▶ WORK ORDER
Without the pictures, set down exactly the lines from the one that contains "Hotel Altos De 이스탄 외부 사진" to the end of the entries, both included, and nothing besides.

═══ MATERIAL TO PROCESS

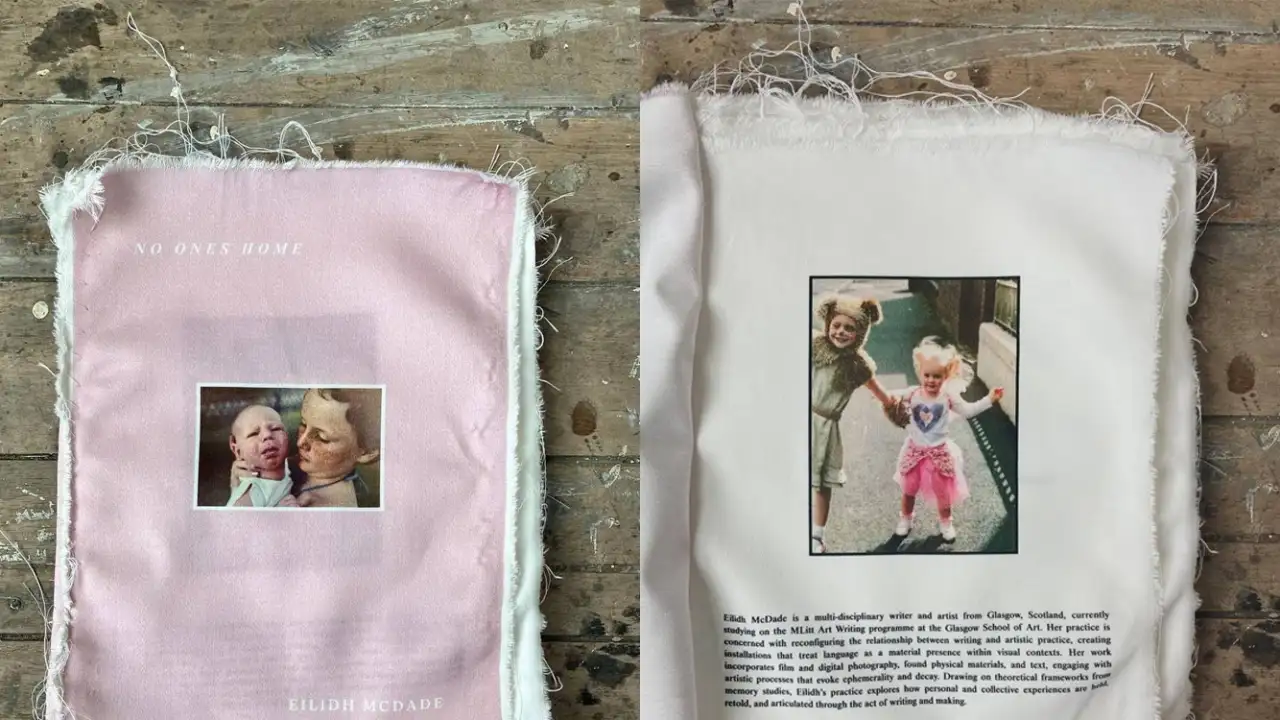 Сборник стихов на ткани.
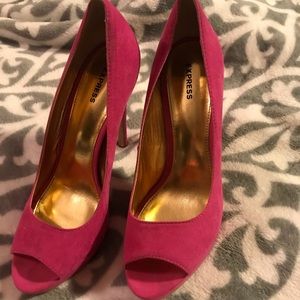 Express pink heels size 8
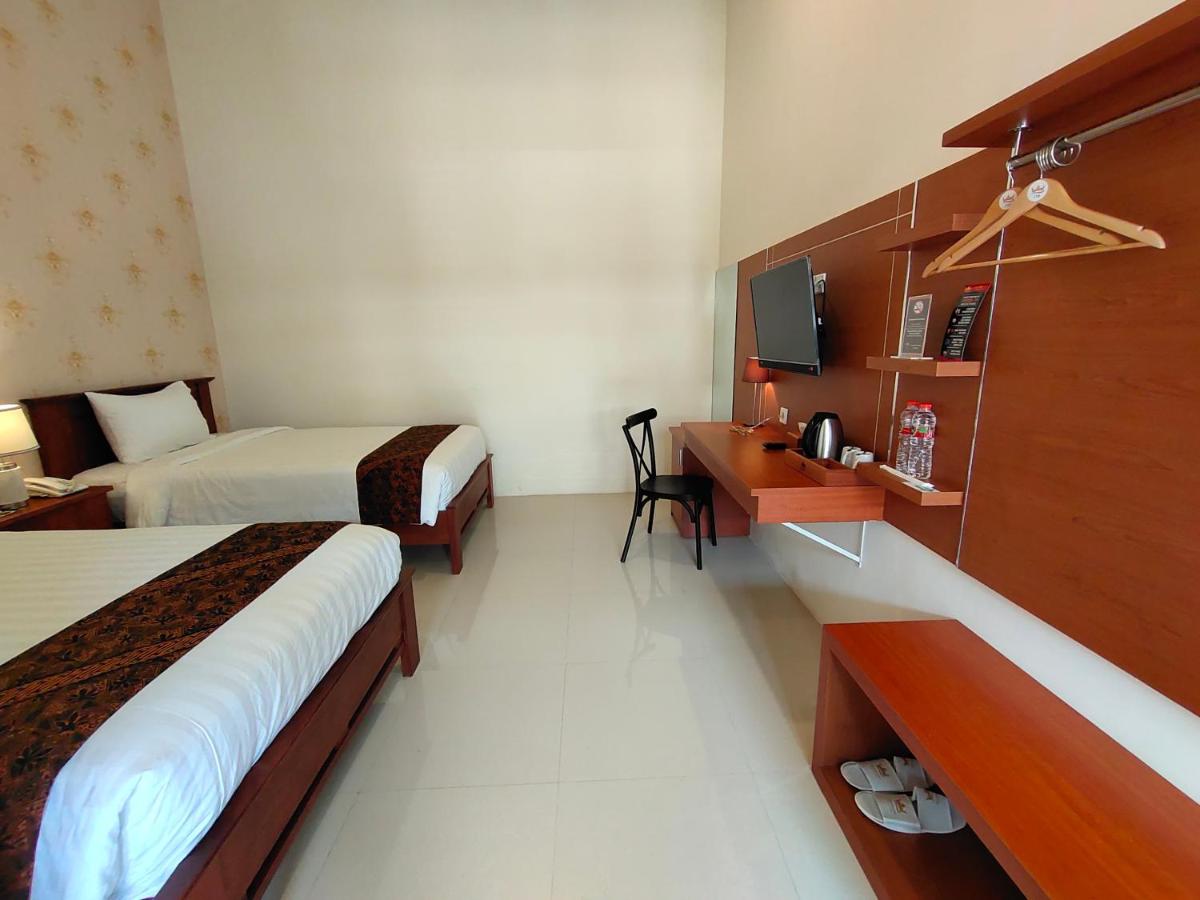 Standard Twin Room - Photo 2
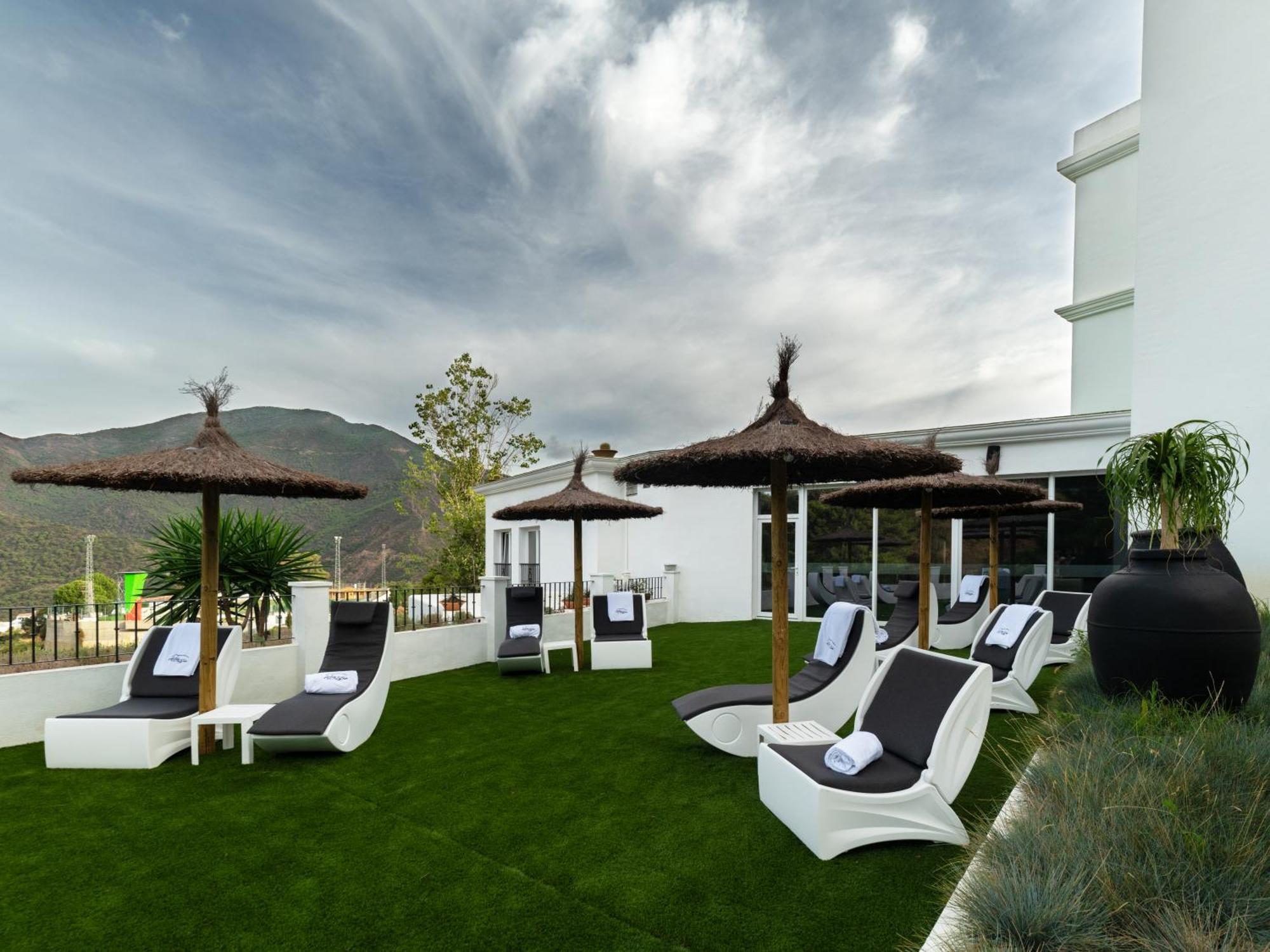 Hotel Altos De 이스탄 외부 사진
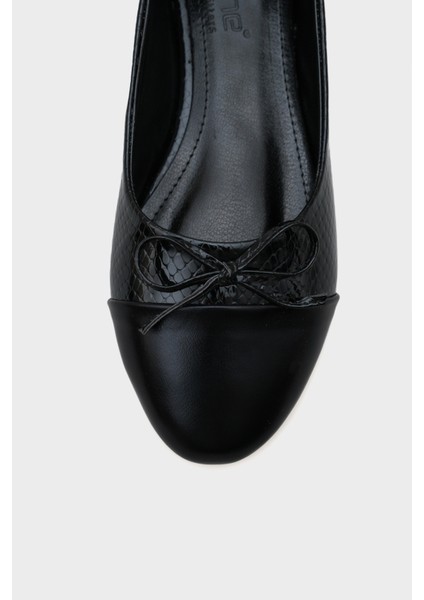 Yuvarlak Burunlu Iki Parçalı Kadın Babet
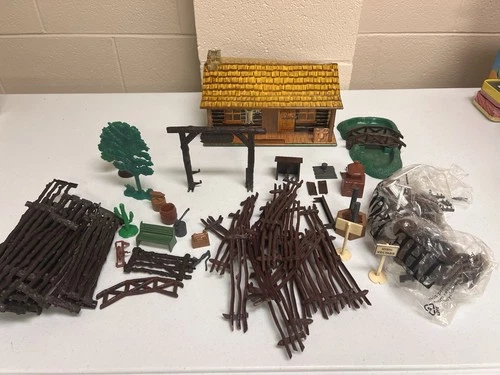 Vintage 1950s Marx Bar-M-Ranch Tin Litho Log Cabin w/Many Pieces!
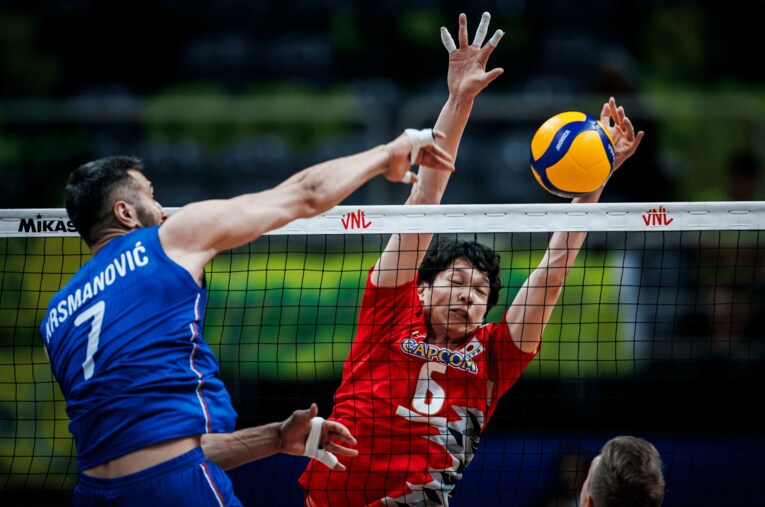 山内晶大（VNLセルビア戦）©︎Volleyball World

══════

▶ SOLUTION
 Hotel Altos De 이스탄 외부 사진
 Yuvarlak Burunlu Iki Parçalı Kadın Babet
 Vintage 1950s Marx Bar-M-Ranch Tin Litho Log Cabin w/Many Pieces!
 山内晶大（VNLセルビア戦）©︎Volleyball World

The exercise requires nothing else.